Please see the following filed issues for more information: - opencontainers/runc#1658 - moby/moby#36597 - moby/moby#36644

Please also see the use case for building images securely in kubernetes.

Unmasking the paths in /proc option really only makes sense for when a user is nesting unprivileged containers with user namespaces as it will allow more information than is necessary to the program running in the container spawned by kubernetes.

The main use case for this option is to run genuinetools/img inside a kubernetes container. That program then launches sub-containers that take advantage of user namespaces and re-mask /proc and set /proc as read-only. So therefore there is no concern with having an unmasked proc open in the top level container.

It should be noted that this is different that the host /proc. It is still a newly mounted /proc just the container runtimes will not mask the paths.

Since the only use case for this option is to run unprivileged nested containers, this option should only be allowed or used if the user in the container is not root. This can be easily enforced with MustRunAs. Since the user inside is still unprivileged, doing things to /proc would be off limits regardless, since linux user support already prevents this.

Existing SecurityContext objects

Kubernetes defines SecurityContext for Container and PodSecurityContext for PodSpec. SecurityContext objects define the related security options for Kubernetes containers, e.g. selinux options.

To support “ProcMount” options in Kubernetes, it is proposed to make the following changes:

Changes of SecurityContext objects

Add a new string type field named ProcMountType will hold the viable options for procMount to the SecurityContext definition.

By default,procMount is default, aka the same behavior as today and the paths are masked.

This will look like the following in the spec:

type ProcMountType string

const (
    // DefaultProcMount uses the container runtime default ProcType.  Most 
    // container runtimes mask certain paths in /proc to avoid accidental security
    // exposure of special devices or information.
    DefaultProcMount ProcMountType = "Default"
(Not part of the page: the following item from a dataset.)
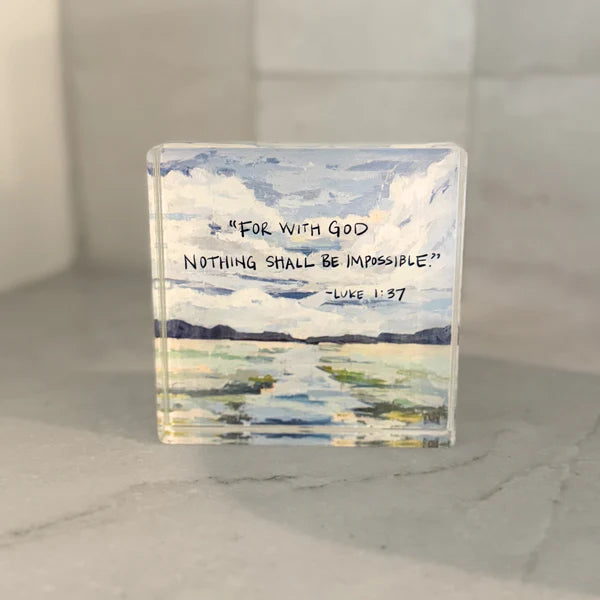 Luke 1:37 Acrylic Block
    // UnmaskedProcMount bypasses the default masking behavior of the container
    // runtime and ensures the newly created /proc the container stays in tact with
    // no modifications.  
    UnmaskedProcMount ProcMountType = "Unmasked"

procMount *ProcMountType

This requires changes to the CRI runtime integrations so that kubelet will add the specific unmasked or whatever_it_is_named option.

Pod Security Policy changes

A new []ProcMountType{} field named allowedProcMounts will be added to the Pod Security Policy as well to gate the allowed ProcMountTypes a user is allowed to set. This field will default to []ProcMountType{ DefaultProcMount }.